What a great set of pictures! The sandy tongues are especially funny. 

Halo has a sound effect in my head. Every time I see a picture of her going after Keefer's neck I hear a loud "CHOMP!"


----------



## Castlemaid (Jun 29, 2006)

What happy dogs! They are ALL drop-dead gorgeous! They are all so lucky to have such great homes, and to be able to go to the beach. 

I miss living on the coast, and the beach. I still have one to two feet of snow here, though it is supposed to rain for the next few days, which will melt it away and replace it with mud. 

Can't wait!


----------



## Cassidy's Mom (Mar 30, 2003)

> Originally Posted By: Jasper007LOL, I see Halo (AKA Bella the vampire dog) is at it again
> 
> 
> 
> ...


No, Keefer gets that special honor.











> Quote:Great pics, first pics I have seen without sun, very cool pics.


It's not at all unusual for there to be fog at the coast, sometimes very dense. Today would have been the better day, it was a good 15 degrees warmer, and from the FF webcam shots I saw this morning and just now, it was pretty clear as well. But we had other plans today, and yesterday was a good day to be gone for a while since we had the carpets cleaned in the morning. It wasn't that bad though, it actually looked colder than it was because there wasn't much wind.



> Originally Posted By: BowWowMeowHalo has a sound effect in my head. Every time I see a picture of her going after Keefer's neck I hear a loud "CHOMP!"


What, not the theme from Jaws?


----------



## SunCzarina (Nov 24, 2000)

Gorgeous dogs, gorgeous pictures!


> Quote:Happy, tired, wet, sandy dogs - priceless!!!


Nothing says happy like a tired wet german shepherd with a ball in their mouth!


----------



## Fodder (Oct 21, 2007)

...not sick, just green with envy.

please tell me how _i've_ managed to go to the beach twice this weekend, but without the dogs
















to birthday parties and la county laws. i will make it up to mine this weekend (97 tomorrow).

very nice photo set & the first solo headshot of keefer is my new favorite.


----------



## JasperLoki (Sep 25, 2005)

Debbie,

I assume you now take the new ride to the beach these days


----------



## Kayos and Havoc (Oct 17, 2002)

Very nice pictures!!! I love that darling little Corgi tagging along too.
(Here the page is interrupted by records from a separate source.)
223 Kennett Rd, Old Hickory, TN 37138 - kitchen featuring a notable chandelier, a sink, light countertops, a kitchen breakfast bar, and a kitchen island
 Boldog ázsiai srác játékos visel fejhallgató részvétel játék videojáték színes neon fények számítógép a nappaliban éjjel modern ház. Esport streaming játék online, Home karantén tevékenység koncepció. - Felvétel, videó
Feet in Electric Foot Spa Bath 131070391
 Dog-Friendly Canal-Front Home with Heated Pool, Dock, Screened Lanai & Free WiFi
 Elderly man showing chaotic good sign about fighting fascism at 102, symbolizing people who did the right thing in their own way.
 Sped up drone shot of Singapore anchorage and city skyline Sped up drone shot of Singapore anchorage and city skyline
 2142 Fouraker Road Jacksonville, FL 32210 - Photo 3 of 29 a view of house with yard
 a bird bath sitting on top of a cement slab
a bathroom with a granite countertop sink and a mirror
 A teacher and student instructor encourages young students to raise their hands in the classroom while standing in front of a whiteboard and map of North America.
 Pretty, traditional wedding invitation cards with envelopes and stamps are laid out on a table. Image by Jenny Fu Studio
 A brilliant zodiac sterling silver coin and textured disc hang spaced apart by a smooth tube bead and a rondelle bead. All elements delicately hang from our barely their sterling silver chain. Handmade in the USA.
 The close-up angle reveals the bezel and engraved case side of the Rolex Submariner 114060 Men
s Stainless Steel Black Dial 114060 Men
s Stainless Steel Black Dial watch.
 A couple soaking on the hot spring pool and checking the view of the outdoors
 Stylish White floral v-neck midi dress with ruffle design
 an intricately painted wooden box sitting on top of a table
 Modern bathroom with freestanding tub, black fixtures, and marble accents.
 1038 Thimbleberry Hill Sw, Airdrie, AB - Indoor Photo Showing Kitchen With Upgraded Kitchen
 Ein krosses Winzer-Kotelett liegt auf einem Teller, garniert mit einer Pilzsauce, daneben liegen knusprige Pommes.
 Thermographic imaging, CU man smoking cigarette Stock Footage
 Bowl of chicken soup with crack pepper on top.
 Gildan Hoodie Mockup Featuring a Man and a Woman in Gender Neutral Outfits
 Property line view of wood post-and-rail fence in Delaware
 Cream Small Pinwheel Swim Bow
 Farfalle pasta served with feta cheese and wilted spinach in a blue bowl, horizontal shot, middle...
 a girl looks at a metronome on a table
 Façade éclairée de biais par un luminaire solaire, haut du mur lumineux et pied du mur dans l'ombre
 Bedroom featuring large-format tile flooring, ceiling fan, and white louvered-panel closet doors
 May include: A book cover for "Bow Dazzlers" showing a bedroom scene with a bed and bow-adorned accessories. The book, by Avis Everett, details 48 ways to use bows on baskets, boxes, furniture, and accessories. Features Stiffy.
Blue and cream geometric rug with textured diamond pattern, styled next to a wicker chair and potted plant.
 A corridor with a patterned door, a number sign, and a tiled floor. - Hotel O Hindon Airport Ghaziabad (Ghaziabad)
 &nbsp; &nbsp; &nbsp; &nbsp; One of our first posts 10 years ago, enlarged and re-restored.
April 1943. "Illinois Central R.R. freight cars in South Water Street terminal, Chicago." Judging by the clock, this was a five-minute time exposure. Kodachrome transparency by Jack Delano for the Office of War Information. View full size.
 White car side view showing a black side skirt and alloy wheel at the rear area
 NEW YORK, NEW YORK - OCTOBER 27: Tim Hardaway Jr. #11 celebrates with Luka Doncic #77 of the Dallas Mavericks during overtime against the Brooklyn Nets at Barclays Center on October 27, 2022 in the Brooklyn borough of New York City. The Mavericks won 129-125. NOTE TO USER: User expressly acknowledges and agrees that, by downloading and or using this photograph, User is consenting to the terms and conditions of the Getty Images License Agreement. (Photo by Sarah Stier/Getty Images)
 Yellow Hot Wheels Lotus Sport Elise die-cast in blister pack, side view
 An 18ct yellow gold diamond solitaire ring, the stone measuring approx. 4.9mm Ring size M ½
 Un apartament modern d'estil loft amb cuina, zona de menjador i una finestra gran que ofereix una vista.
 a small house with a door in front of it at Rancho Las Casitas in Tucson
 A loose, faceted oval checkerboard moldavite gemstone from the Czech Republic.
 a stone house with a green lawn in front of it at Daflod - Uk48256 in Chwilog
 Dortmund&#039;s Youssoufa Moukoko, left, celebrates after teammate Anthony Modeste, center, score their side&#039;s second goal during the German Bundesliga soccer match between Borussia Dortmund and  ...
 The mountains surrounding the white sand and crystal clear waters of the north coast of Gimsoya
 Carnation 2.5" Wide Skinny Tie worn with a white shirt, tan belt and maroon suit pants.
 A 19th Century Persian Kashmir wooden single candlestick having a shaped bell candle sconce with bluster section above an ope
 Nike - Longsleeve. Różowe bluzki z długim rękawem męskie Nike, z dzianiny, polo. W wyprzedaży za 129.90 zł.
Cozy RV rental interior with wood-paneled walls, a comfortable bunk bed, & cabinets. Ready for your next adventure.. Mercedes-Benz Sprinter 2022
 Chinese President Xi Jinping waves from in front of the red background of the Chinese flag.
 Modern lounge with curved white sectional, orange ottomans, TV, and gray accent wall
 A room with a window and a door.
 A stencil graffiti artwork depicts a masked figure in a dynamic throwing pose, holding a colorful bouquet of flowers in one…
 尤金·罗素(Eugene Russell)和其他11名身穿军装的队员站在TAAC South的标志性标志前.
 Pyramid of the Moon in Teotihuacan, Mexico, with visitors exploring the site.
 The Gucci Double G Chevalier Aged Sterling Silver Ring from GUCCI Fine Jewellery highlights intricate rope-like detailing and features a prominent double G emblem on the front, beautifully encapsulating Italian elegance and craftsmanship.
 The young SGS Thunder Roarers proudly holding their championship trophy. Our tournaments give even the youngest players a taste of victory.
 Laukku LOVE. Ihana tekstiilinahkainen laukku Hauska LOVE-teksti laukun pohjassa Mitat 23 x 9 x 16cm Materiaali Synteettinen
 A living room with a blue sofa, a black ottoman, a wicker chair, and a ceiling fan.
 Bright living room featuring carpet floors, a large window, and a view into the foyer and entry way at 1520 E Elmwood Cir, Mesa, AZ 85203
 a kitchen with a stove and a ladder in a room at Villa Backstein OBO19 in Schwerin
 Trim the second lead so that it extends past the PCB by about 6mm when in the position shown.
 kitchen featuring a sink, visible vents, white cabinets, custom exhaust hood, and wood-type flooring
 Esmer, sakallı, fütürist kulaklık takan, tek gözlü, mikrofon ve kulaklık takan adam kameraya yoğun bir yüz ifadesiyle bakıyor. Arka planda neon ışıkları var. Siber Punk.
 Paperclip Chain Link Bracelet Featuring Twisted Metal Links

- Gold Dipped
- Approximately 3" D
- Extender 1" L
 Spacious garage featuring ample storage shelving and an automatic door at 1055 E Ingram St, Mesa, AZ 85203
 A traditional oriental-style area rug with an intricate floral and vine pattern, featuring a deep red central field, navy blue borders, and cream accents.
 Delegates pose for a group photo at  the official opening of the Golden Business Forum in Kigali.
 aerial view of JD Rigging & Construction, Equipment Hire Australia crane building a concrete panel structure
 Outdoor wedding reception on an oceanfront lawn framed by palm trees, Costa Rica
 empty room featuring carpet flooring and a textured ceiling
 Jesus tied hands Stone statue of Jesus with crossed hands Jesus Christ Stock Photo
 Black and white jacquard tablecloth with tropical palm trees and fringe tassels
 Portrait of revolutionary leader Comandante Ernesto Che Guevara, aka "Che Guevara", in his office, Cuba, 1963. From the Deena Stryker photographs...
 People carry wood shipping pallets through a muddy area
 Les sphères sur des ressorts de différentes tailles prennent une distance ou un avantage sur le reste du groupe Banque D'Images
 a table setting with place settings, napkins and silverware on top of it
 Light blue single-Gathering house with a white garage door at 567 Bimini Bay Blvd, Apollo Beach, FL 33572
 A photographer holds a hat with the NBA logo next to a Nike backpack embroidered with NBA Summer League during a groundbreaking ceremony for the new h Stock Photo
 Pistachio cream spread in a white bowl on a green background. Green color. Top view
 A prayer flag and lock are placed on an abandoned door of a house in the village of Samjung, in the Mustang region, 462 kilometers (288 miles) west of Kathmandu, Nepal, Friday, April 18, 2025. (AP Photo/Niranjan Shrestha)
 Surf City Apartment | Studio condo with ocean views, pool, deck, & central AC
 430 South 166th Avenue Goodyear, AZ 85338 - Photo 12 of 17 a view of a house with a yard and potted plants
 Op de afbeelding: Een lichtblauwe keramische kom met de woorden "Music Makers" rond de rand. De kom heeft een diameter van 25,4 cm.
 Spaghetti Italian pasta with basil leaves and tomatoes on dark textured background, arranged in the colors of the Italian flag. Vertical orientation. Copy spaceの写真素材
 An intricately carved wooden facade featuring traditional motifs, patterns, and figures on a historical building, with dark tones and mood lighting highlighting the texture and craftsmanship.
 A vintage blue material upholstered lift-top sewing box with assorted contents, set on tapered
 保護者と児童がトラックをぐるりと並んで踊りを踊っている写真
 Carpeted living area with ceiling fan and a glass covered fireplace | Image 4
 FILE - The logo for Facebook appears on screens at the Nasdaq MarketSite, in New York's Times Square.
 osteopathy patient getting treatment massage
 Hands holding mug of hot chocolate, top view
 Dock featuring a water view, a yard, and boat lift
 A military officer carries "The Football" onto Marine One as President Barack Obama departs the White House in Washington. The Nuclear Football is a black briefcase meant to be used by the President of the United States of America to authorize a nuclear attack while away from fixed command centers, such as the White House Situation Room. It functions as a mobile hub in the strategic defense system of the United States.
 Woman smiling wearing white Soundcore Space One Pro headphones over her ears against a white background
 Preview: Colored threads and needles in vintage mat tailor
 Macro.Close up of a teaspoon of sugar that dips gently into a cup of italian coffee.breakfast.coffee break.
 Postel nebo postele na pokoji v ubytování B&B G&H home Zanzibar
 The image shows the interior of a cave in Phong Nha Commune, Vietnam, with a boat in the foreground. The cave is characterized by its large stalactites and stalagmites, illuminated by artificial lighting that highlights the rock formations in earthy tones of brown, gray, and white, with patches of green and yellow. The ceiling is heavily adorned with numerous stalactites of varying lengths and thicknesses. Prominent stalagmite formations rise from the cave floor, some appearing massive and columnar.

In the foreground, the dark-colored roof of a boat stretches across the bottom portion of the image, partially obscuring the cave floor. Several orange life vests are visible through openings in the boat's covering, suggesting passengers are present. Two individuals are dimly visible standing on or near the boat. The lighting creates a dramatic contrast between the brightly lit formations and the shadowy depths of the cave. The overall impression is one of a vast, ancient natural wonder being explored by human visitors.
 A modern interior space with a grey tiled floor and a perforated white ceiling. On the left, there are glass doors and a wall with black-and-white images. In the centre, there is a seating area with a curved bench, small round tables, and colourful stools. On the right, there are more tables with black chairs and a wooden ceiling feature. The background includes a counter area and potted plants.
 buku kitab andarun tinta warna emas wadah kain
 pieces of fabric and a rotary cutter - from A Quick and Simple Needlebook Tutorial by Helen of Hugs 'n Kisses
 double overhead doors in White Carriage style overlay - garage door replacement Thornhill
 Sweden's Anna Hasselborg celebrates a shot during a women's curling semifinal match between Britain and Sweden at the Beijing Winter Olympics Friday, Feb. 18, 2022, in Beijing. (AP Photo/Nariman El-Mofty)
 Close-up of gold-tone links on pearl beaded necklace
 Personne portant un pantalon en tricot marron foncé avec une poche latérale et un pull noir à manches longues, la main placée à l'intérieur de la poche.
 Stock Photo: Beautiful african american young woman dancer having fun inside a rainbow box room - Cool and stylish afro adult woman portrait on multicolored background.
I see Halo is still attached to Keefer's neck in most of the pics! What a little shark.


----------



## kelso (Jan 22, 2007)

beautiful dogs and pictures!
Awesome closeups to!


----------



## Kayla's Dad (Jul 2, 2007)

You got some great shots out there, Debbie.



> Originally Posted By: Cassidys Mom
> Her face was all sandy because Keefer rolled her a couple of times.
> 
> 
> ...


There was at least one take down by Miss Halo during those romps though! She gives as good as she gets with Sir Keef. 

It was fun and the dogs wore themselves out with the water play-the surf was up more than we expected with the tide going out but it certainly didn't deter anyone (except us humans!) from getting in the water and barreling through the waves.


----------



## geokon_2000 (Jan 25, 2005)

Looks like a blast was had by all!


----------



## Cassidy's Mom (Mar 30, 2003)

> Originally Posted By: Jasper007Debbie,
> 
> I assume you now take the new ride to the beach these days


You know what they say about assumptions....









They do get to ride in my car, but not when there's mud or sand involved. I got a backseat cover, and a cargo area mat, so clean dry dogs are approved for transit.











> Originally Posted By: Everett54It was fun and the dogs wore themselves out with the water play-the surf was up more than we expected with the tide going out but it certainly didn't deter anyone (except us humans!) from getting in the water and barreling through the waves.


Yeah, no way would I be going out there! I was surprised that the surf was so rough at low tide, usually it's only bad if the tide is up. I figure they've all got four feet, a lower center of gravity, and pound for pound they're at least twice as strong as I am, so as long as they don't go too far out I don't worry about them.


----------



## aball (Jul 17, 2002)

I love the constant attachment at the neck. way too cute.


----------